INSTRUCTIONS TO FOLLOW
Would you write out the listing verbatim and skip every picture in it?
[SUPPLIED MATERIAL — start]
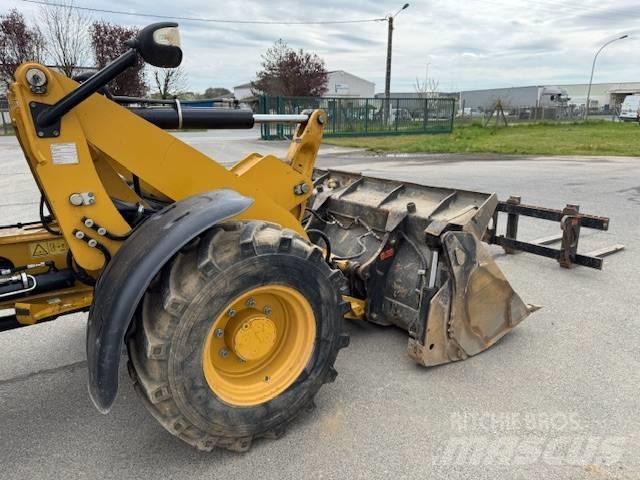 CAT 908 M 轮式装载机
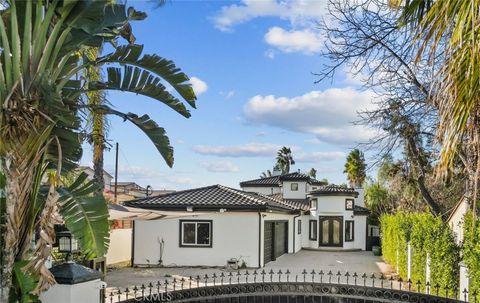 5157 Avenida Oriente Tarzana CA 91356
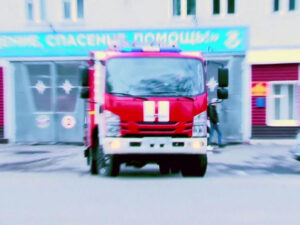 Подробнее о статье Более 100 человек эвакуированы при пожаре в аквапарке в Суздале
[SUPPLIED MATERIAL — finish]
WRITTEN REPLY
 CAT 908 M 轮式装载机
 5157 Avenida Oriente Tarzana CA 91356
 Подробнее о статье Более 100 человек эвакуированы при пожаре в аквапарке в Суздале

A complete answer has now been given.